You can see Schwartzman growing into his role as the series goes on (I was able to preview the first six episodes). In the pilot, he’s just doing his Schwartzman thing, which is hilarious but kind of generic. What he emerges as, eventually, is an oddly calm rich guy, someone who’s kind of a twit in a way that makes him perfectly at home in the trappings of the good life that can come when you know some really rich editorial types. He’s a Brooklyn ersatz-boho, equally at home pounding down coffee at his neighborhood coffee shop and swilling overpriced martinis in hotel lobbies.

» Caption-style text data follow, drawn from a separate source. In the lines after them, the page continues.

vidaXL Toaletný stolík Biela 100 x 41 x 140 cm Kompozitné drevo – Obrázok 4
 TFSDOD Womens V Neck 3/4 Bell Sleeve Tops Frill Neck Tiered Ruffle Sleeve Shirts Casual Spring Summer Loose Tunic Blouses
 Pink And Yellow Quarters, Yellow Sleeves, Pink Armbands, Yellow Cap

By his blazer you shall know him: The independent man of semi-wealth just insulated enough to be able to act like a 19-year-old with a 30-year-old’s bank account. He’s kind of an idiot (in ways I suspect Ames didn’t write in), but Schwartzman makes him a sympathetic one.
Then there’s Ted Danson. His character name—George Christopher, the twinned first names signifying ingrained privilege—gives the game away. Even on a basically stupid show like Becker, I’ve always thought Danson was pretty funny; he’s rude and huge. (As one of my roommates noted, looking like a weird, huge guy will do strange things to your personality.) This is the part he’s been waiting for his whole life, and he runs with it. Fabulously wealthy and completely oblivious to the realities of life outside his bubble (“What’s a Subaru?” he asks at one point), he’s also voraciously self-destructive in the drugs/alcohol department and childishly delighted by anything yanking him outside his bubble. It’s a combination of sexual voraciousness, monied arrogance and id-driven binging; Danson nails it. As Schwartzman’s cartoonist buddy, Zach Galifianakis scores, playing it straight and avoiding his usual comedy-of-awkwardness bullshit. He’s still my least favorite of the trio (his usual comedy-of-awkwardness drives me up the wall), but he’s no detraction to this show.
Outside of the merits of the cast, Bored to Death does have some other virtues. It’s a good New York show—sometimes they show you precisely which subway routes people are taking on the map—and it’s willing to go all over the place. The best episode out of the first six finds Schwartzman getting stupidly mixed up with the Russian mafia in Brighton Beach; anyone who’s spent a day down there will instantly recognize the seedy types and overpriced restaurants of the area. The show’s approach to money is casual and unapologetic, which I appreciate. It’s a time capsule of whenever it was conceived, when publishing still seemed like a way to make money; there’s one episode where declining ad revenue is kind of a plot point, but that’s the only indication of reality puncturing the bubble. Comparisons to Woody Allen have been overly broad—neurotic Jews in privileged NYC does not automatically invite comparisons to Manhattan—but the same free-floating sense that nothing could ever go truly wrong persists. The show deserves to go on, hopefully (please?) with less involvement from Ames and much more care taken to give the central trio more ballast and context.